*Description of the task*
Would you copy, word for word, each line from the one with "一款让你干到走不了路程度的神奇产品，知乎揭秘" to the end of the listing below, skipping all pictures?

*Input*
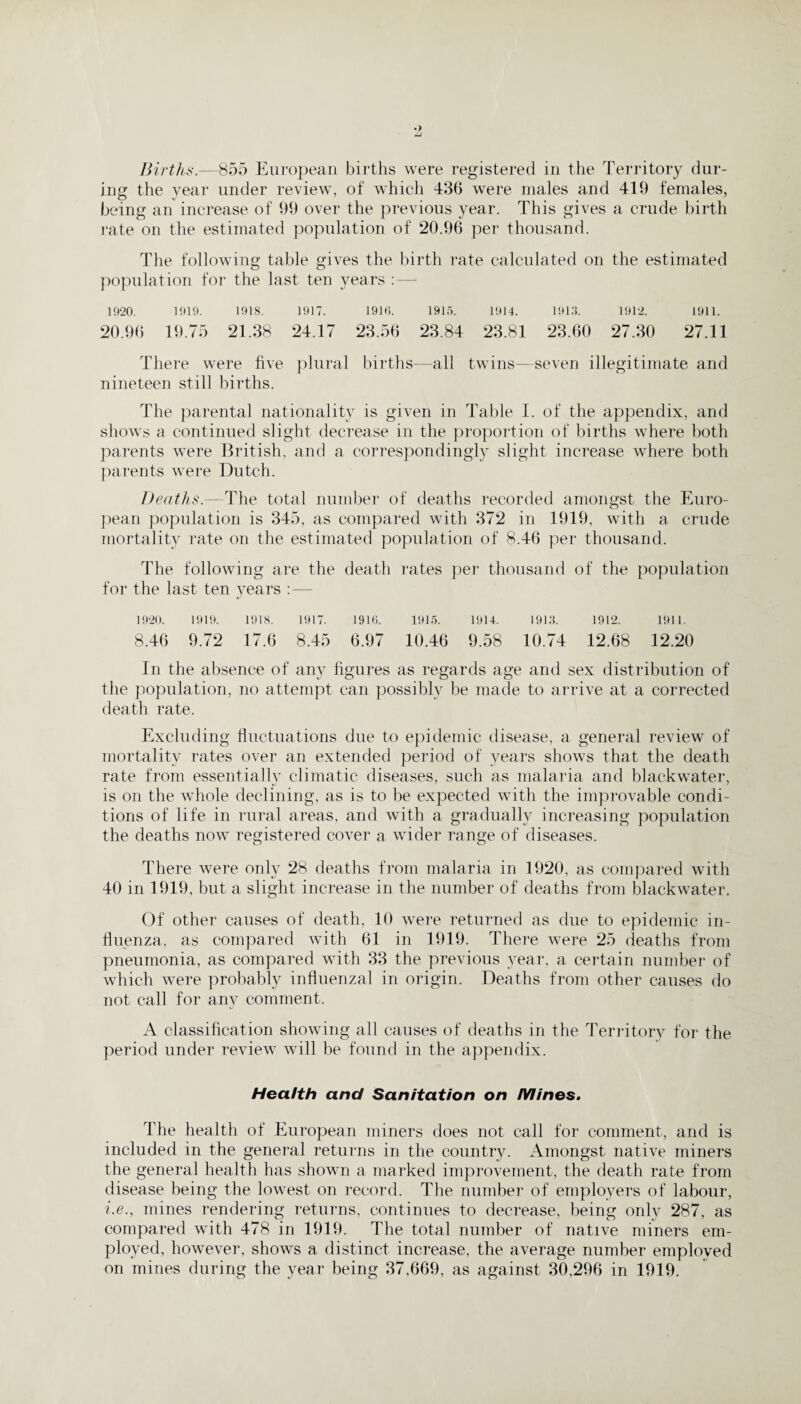 Births.—855 European births were registered in the Territory dur¬ ing the vear under review, of which 436 were males and 419 females, being an increase of 99 over the previous year. This gives a crude birth rate on the estimated population of 20.96 per thousand. The following table gives the birth rate calculated on the estimated population for the last ten years : — 1920. 1919. 1918. 1917. 1910. 1915. 1914. 1913. 1912. 1911. 20.96 19.75 21.38 24.17 23.56 23.84 23.81 23.60 27.30 27.11 There were five plural births—all twins-—seven illegitimate and nineteen still births. The parental nationality is given in Table I. of the appendix, and shows a continued slight decrease in the proportion of births where both parents were British, and a correspondingly slight increase where both parents were Dutch. Deaths.— The total number of deaths recorded amongst the Euro¬ pean population is 345, as compared with 372 in 1919, with a crude mortality rate on the estimated population of 8.46 per thousand. The following are the death rates per thousand of the population for the last ten years :— 1920. 1919. 1918. 1917. 1916. 1915. 1914. 1913. 1912. 1911. 8.46 9.72 17.6 8.45 6.97 10.46 9.58 10.74 12.68 12.20 In the absence of any figures as regards age and sex distribution of the population, no attempt can possibly be made to arrive at a corrected death rate. Excluding fluctuations due to epidemic disease, a general review of mortality rates over an extended period of years shows that the death rate from essentially climatic diseases, such as malaria and blackwater, is on the whole declining, as is to be expected with the improvable condi¬ tions of life in rural areas, and with a gradually increasing population the deaths now registered cover a wider range of diseases. There were only 28 deaths from malaria in 1920, as compared with 40 in 1919, but a slight increase in the number of deaths from blackwater. Of other causes of death, 10 were returned as due to epidemic in¬ fluenza, as compared with 61 in 1919. There were 25 deaths from pneumonia, as compared with 33 the previous year, a certain number of which were probably influenzal in origin. Deaths from other causes do not call for any comment. A classification showing all causes of deaths in the Territory for the period under review will be found in the appendix. Health and Sanitation on Mines. The health of European miners does not call for comment, and is included in the general returns in the country. Amongst native miners the general health has shown a marked improvement, the death rate from disease being the lowest on record. The number of employers of labour, i.e., mines rendering returns, continues to decrease, being only 287, as compared with 478 in 1919. The total number of native miners em¬ ployed, however, shows a distinct increase, the average number employed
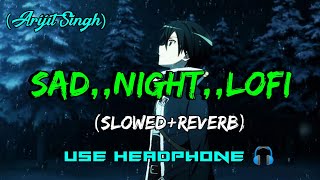 Night Sad Lofi (slowed+reverb) Arijit Singh New Heart Touching Song 2023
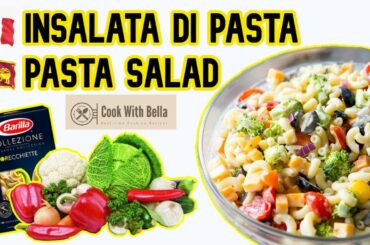 Pasta Salad | Insalata Di Pasta |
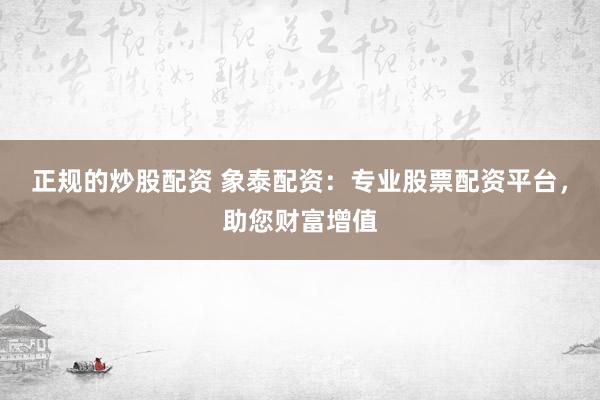 正规的炒股配资 象泰配资：专业股票配资平台，助您财富增值
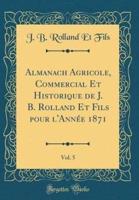 Almanach Agricole, Commercial Et Historique De J. B. Rolland Et Fils Pour l'Annï¿½e 1871, Vol. 5 (Classic Reprint)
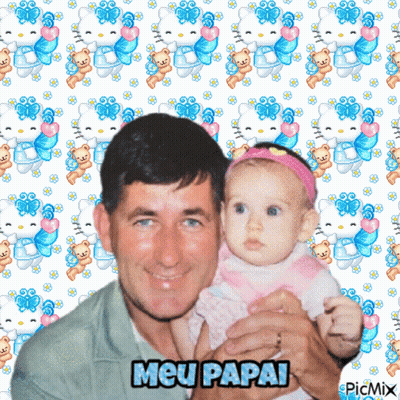 A Picture Of A Man Holding A Baby With The Words Meu Papai On The Bottom Right GIF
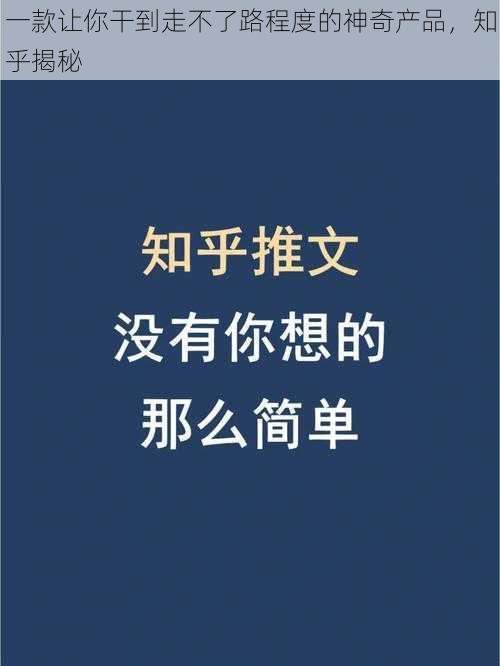 一款让你干到走不了路程度的神奇产品，知乎揭秘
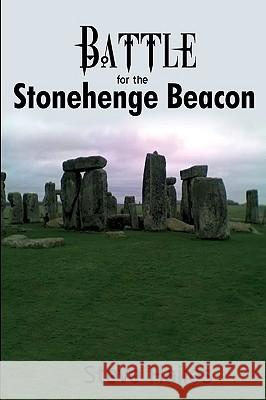 Battle for the Stonehenge Beacon Steve Hailes 9781440101045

*Completed exercise*
 一款让你干到走不了路程度的神奇产品，知乎揭秘
 Battle for the Stonehenge Beacon Steve Hailes 9781440101045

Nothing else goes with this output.